Below are some records. Return exactly the lines from the one with "LOUIS VUITTON Monogram" to the one with "Chaussures Garçon Baskets", and nothing else.

Listed entries:
•••
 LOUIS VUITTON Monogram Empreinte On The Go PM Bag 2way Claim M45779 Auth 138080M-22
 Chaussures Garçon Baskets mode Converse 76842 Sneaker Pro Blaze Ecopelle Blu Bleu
•••
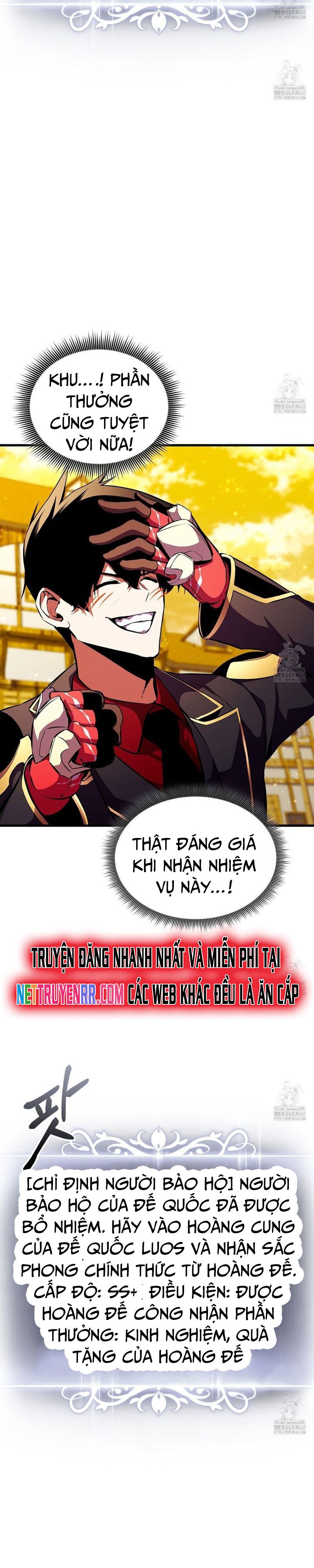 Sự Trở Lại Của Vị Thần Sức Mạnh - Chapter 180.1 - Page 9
•••
Result of the task:
 LOUIS VUITTON Monogram Empreinte On The Go PM Bag 2way Claim M45779 Auth 138080M-22
 Chaussures Garçon Baskets mode Converse 76842 Sneaker Pro Blaze Ecopelle Blu Bleu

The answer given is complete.